There are quite plenty of financial traps in the marketplace that has been existed and evolved for years. For most of the people dealing with these issues, they neglect their due diligence, therefore resulting in an unfavourable position for them. Or on the other extreme, even though some people are aware of the mechanism of these traps, yet they choose to ignore and consume it anyway with an excuse of “everyone else is doing it”. The myths have brainwashed their minds for a long time and they have been living in these financial traps, snuggling comfortably inside the bubble, without wanting to get out of it.
Here below are just some examples of financial traps that have become parts of our livelihood, created by the authorities to govern the low-income society. To avoid them, we need to learn more about the myths, knowing that mostly they do not have any base of knowledge, the foundation of facts and result. In understanding that those myths will not take you anywhere, you clear the first step in forming a new mindset that focuses on the financial freedom/goals and will therefore help to improve the livelihood of yourself, your family, friends or the people around you.
1. Buying a home is a great Australian dream
Many media companies oversell this marketing jargon so that the large part of society can consume the visualisation of owning properties in Australia.
Currently, there is about 67% of properties are owner-occupied (Source https://www.rba.gov.au/publications/submissions/housing-and-housing-finance/inquiry-into-home-ownership/proportion-investment-housing-relative-owner-occ-housing.html).
Note that all the property-related expenses incurred would have to come from the owners’ pocket. Not mentioning the piles of taxes that have been charged to the owner by government, such as council rates, land taxes, and any kind of property tax as a testament that the lands are still owned by the government. Regardless of the land status terms such as “strata title”, “Torrens title”, or “community title”, the government still without question, owns the lands in all parts of Australia. If someone says “Your home is an asset.” It depends on whose perspective that we are talking about.
2. University or college loans
Student loans or university loans are viewed by some as having the same characteristics as hidden shark loans.
The rate for student loans in 2020 is between 0% to 10%per annum (Source: https://studyassist.gov.au/paying-back-your-loan/loan-repayment).

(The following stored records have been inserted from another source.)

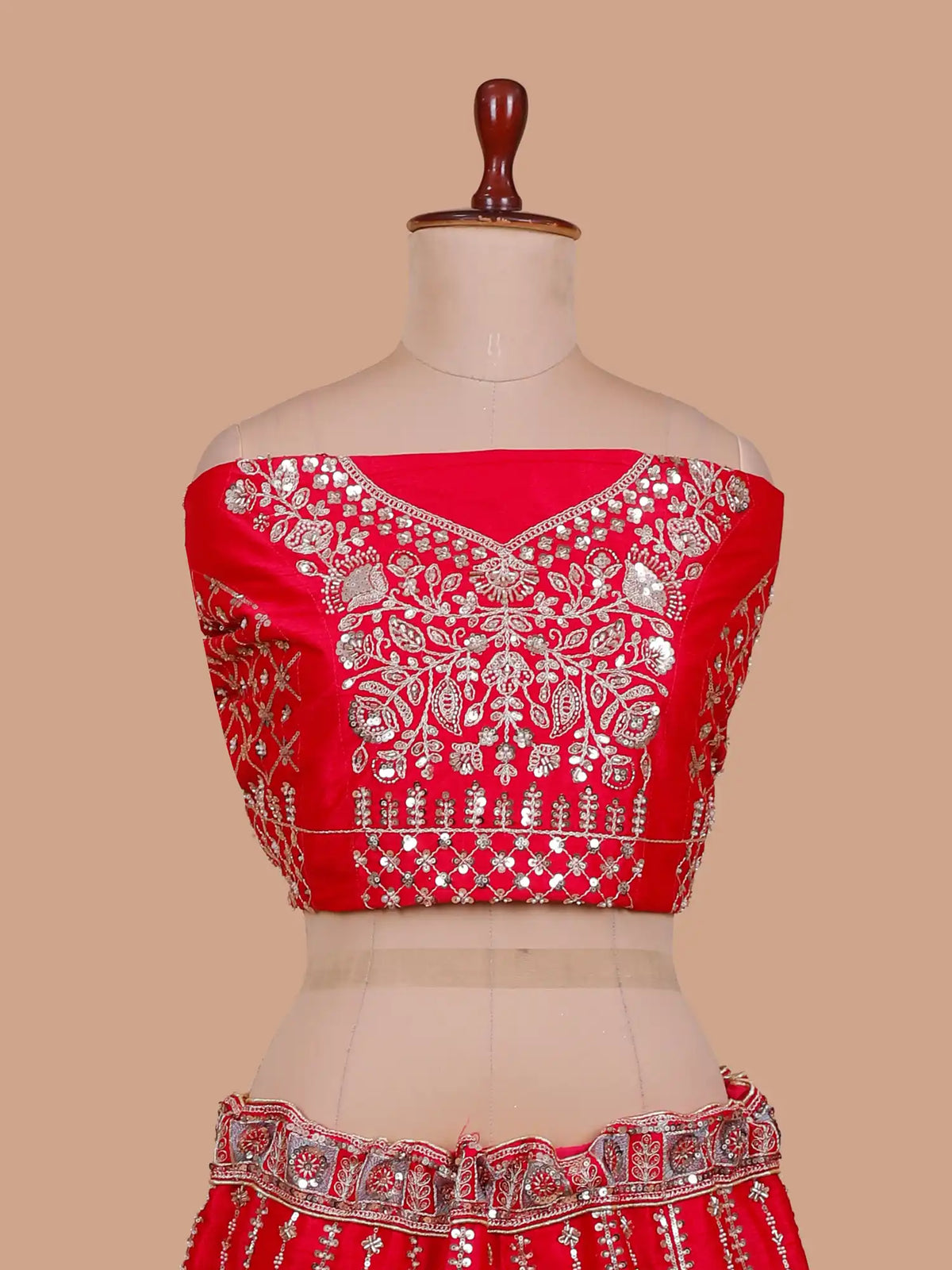 Couture Red Silk Bridal Lehenga Featuring Elephant Jharokha Embroidery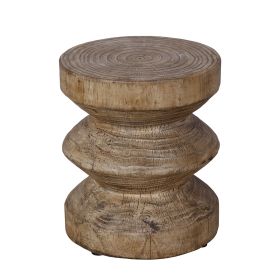 Afterglow Terrafab Material Outdoor Round Side Table, Natural Decorative Garden Stools, Unique End Table for Living Room Bedroom Patio Home Decor (Color: Light Brown Wooden, Material: Terrafab)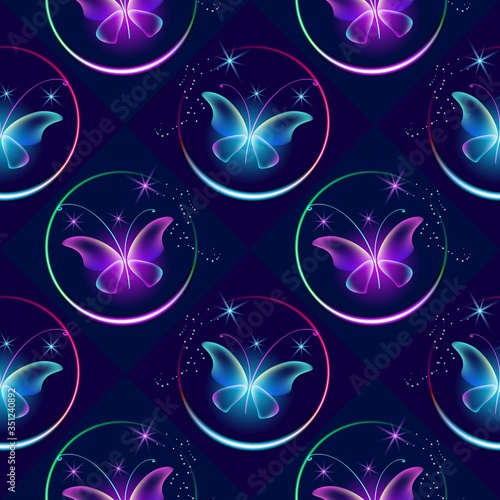 Glowing background with magic butterflies. Transparent butterflies and glowing blooms. Seamless pattern.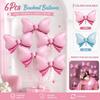 6Pcs Reusable Aluminum Foil Balloons Blue Pink Party Balloons Bow Balloons  Birthday Party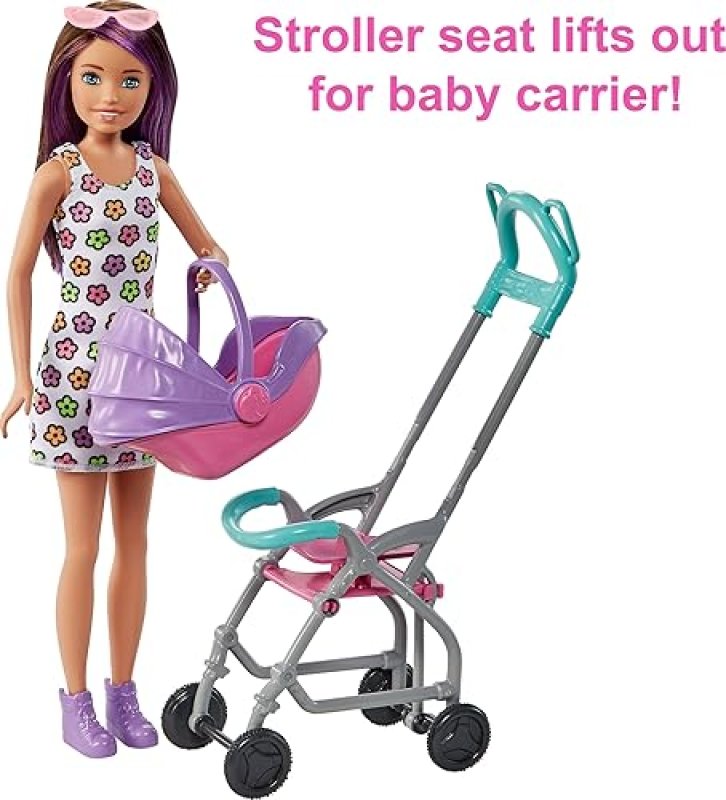 BARBIE SKIPPER BABYSITTERS INC PLAYSET WITH DOLL, BABY DOLL, STROLLER 5 ACCESSORIES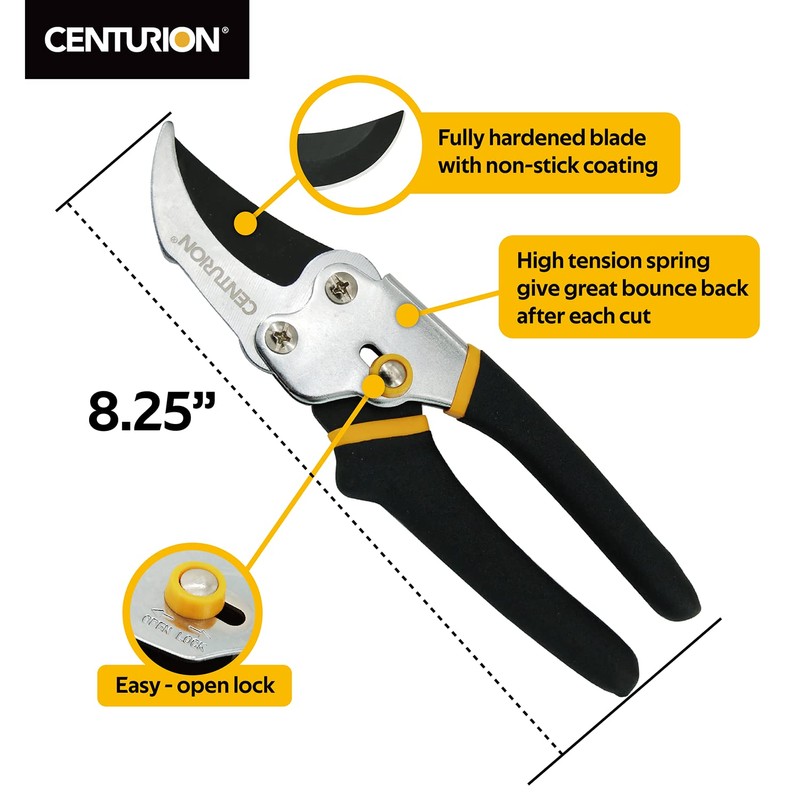 Centurion 1299 8" Steel Bypass Pruning Shears, Garden Shears, Hand
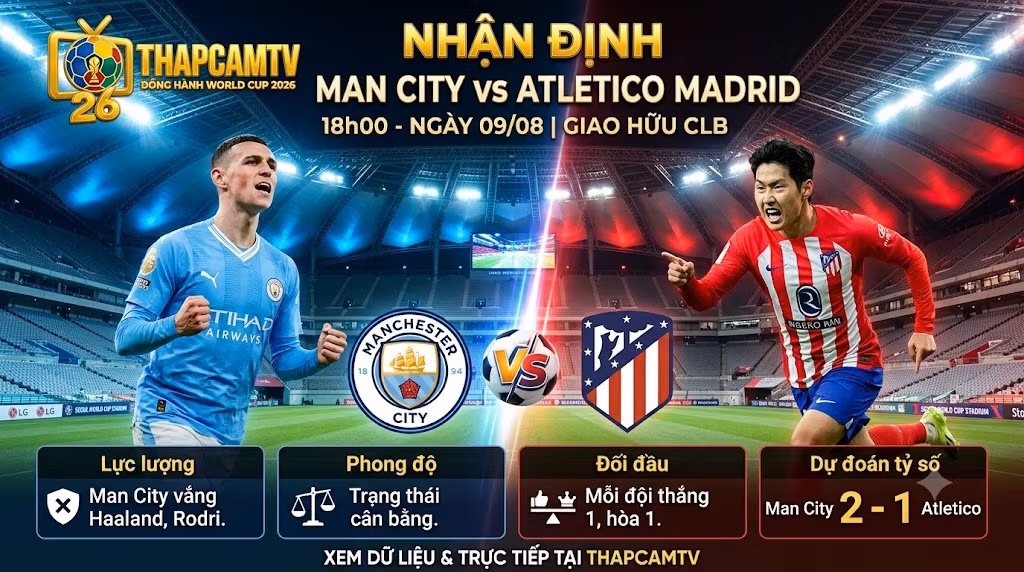 Hình ảnh nhận định phong độ, lực lượng trận đấu giao hữu giữa Man City vs Atletico Madrid lúc 18h00 ngày 09/08 chi tiết trên ThapcamTV.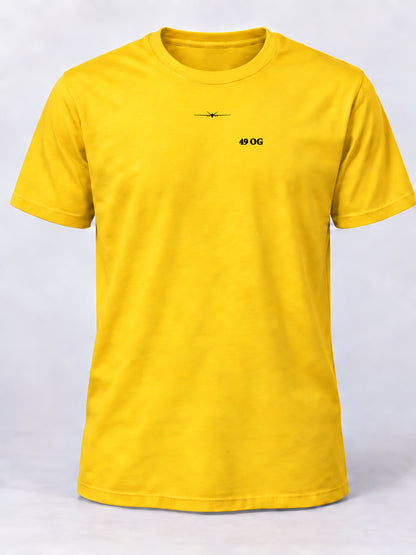 Yellow 49 OG morale shirt with a small black MQ-9 centered beneath the collar and 49 OG lettering on the left chest.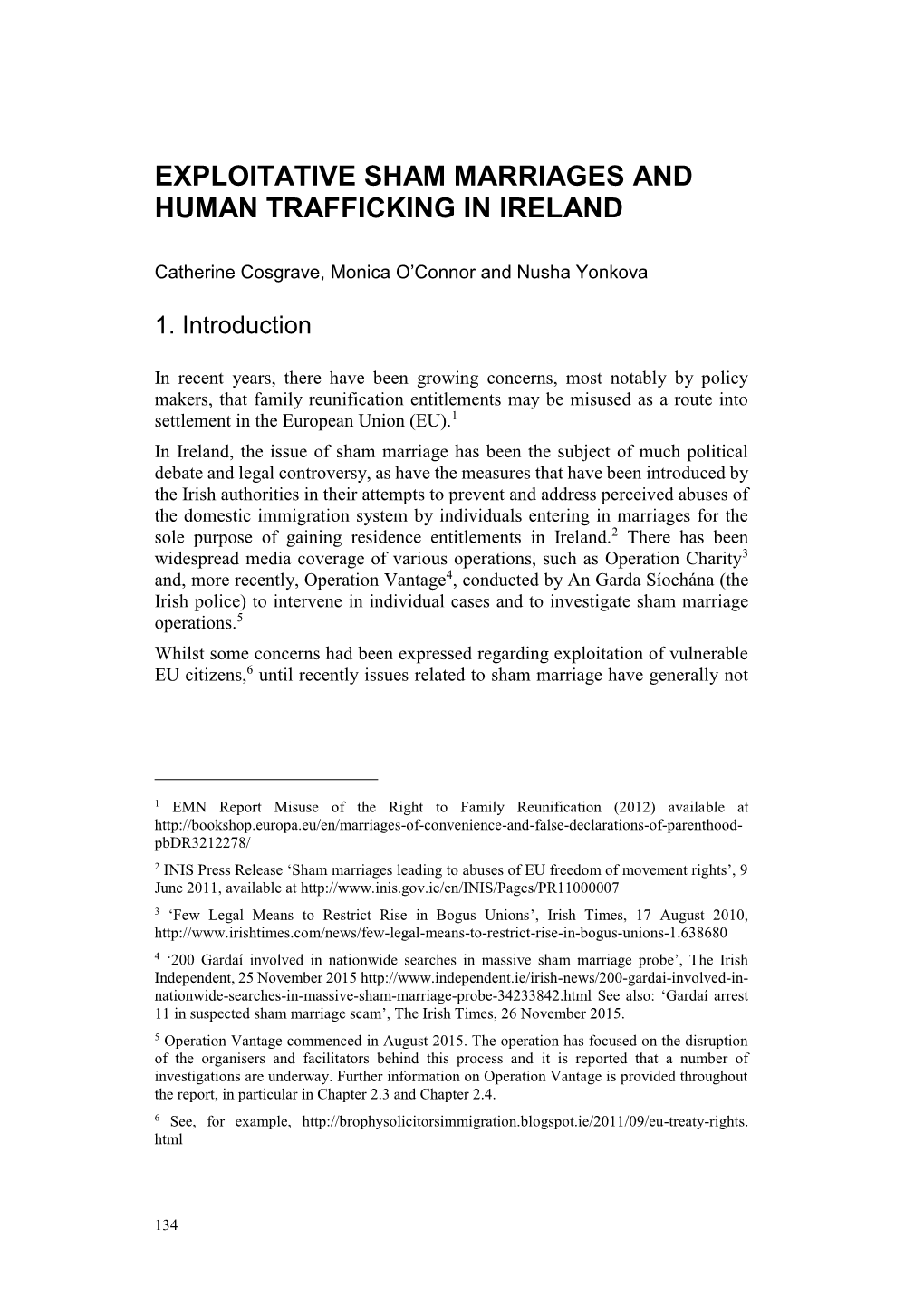 Exploitative Sham Marriages and Human Trafficking in Ireland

Compared to property loans, there is no possibility of earning the Capital Gain with student loans. Even those people with multiple degrees from the big universities in Australia or around the world could not get a guaranteed job straight out from the university.
If we look at the origin of the university, we should realise that universities do not sure-fire produce entrepreneurs or multi-billionaires. The only types of income earners that universities generate are employees or self-employed in which most of whom occupy the largest group of taxpayers in the country (between 40% to 60% if GST item purchases are included). Business Owners and Investors (who pay tax from 0% to 20% annually) usually the ones who learn from the “street”, through overcoming the challenges and as a result, successfully build the multi-million-dollar empires through their knowledge, skills, and experience. Note that Mark Zuckerberg, Steve Jobs, Bill Gates are drop out students who follow their dreams and set up goals around it (please also note that in another perspective, the billionaires mentioned are the dropout students of prestigious universities in which are famous for the quality of the grades of their students and graduates).
3. Saving money in the bank
There are a lot of older generations (baby boomers) who still believe in the benefit of “saving the money” method to accumulate wealth. Since 1971, the money game has changed in the financial industry. Unused/idle money has become debt or liability. In the past, the value of money used to be backed up by commodities such as gold (real asset). Now, it is not backed up by assets anymore.
There is never be a real asset behind the currency that we hold. The money that we hold only as valuable as the government stamp to make society believe that cash is an asset. As cash does not have any real asset backup, it can be deemed as worthless. That is why saving with less than 1% interest in the bank is a liability. Compared to the inflation rate (between 2-3% annually), the inflation rate is killing the buying power of society who save their money in banks.
There is plenty of belief system that revolves about retirement. People are sold on the idea of their dream life begins when they retire with plenty of money, a big house and to be able to travel anywhere they like.
The seldomly spoken cold truth is most Australians (aged 65+ or over) within the retirement age, they could not survive in today’s life.
The average retirees only have superannuation around $207,000 (Source https://www.anz.com.au/personal/investing-super/superannuation/super-guides/baby-boomers-this-is-the-average-super-balance-for-your-age/).
If they still live for another 20 years, retirees would not survive 20 years with $207,000 only. Not to mention the possibility of pension fund support cut that looms the retirees any day, any time. There is no guarantee that the government would keep contributing to the pension funds that keep declining year by year.
So, the main key to avoid these myths or financial traps is to keep yourself educated.
The more educated you are, the better your financial planning is going to be. There is no one else that is responsible for this matter other than yourself. Only the ones that invest in equipping themselves with all the financial knowledge in today’s era, can overcome the challenges of money game evolution.
Unfollow above steps are like your “NOT TO-DO” lists, and you will start planning for your correct to-do list.